Forgive the lack of humility in using this forum to announce that I am officially representing Canada on the International Public Relations Association (IPRA) Council for a two-year term beginning this week. Founded in 1955, the mission of the IPRA is "to be the world's most relevant, resourceful and influential professional association for senior international public relations executives."
This is taken from the news release that was sent out announcing the election:
"As the Canadian representative, Mr. Neil will be responsible for helping to develop and promote the IPRA in Canada, develop local activities and services, and continue to build thought leadership around developing issues and areas relevant to the practice of public relations. He is. . . 'especially keen to become involved in the new IPRA president's focus on corporate diplomacy'."
In North America, in the cocktail that is the initials of public relations associations (IABC, CPRS, IPR, IMC, PRSA, etc.), the IPRA is probably the least well-known. But what has impressed me enough to become more active in the organization's governance is the extent to which professionals from outside North America and the U.K. are involved. The IPRA Summit attracts public relations practitioners from 30-40 countries.

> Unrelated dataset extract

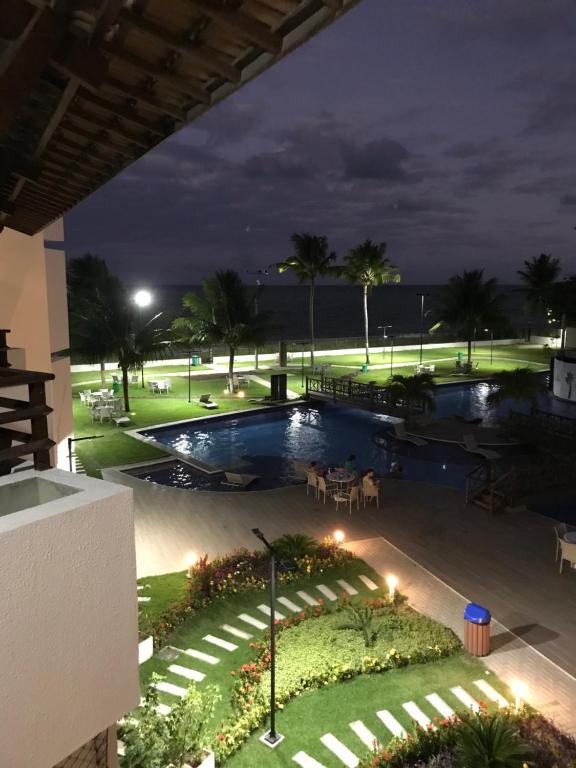  Flat Maui Bich - Beira-mar Tamandaré-Carneiros - PE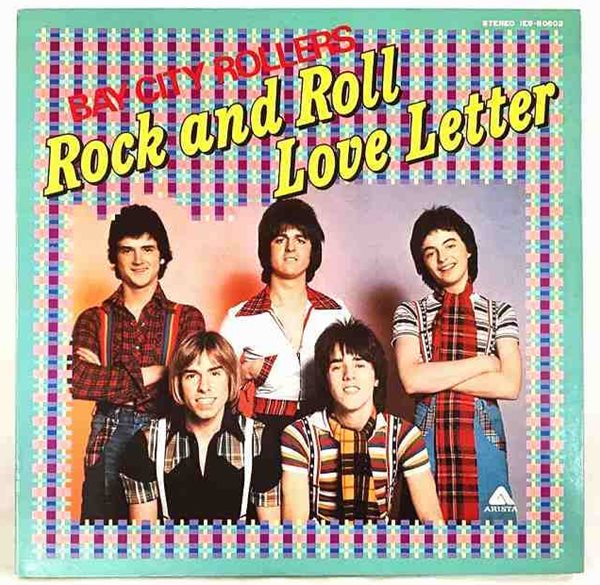 [일본반][LP] Bay City Rollers - Rock N‘ Roll Love Letter [Gatefold]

The diversity of experiences and views represented can't help but add something to my counsel to international clients who are dealing with a multiplicity of cultures and histories. I have learned, for example, to temper my passionate evangelism for social media strategies internationally, especially social networks, with the knowledge that some cultures are less comfortable with this type of highly personal -- or indeed public -- individual communication.
I hope I can help IPRA become better known in North America and contribute to its thought leadership. But I have no doubt I will learn a lot from participating.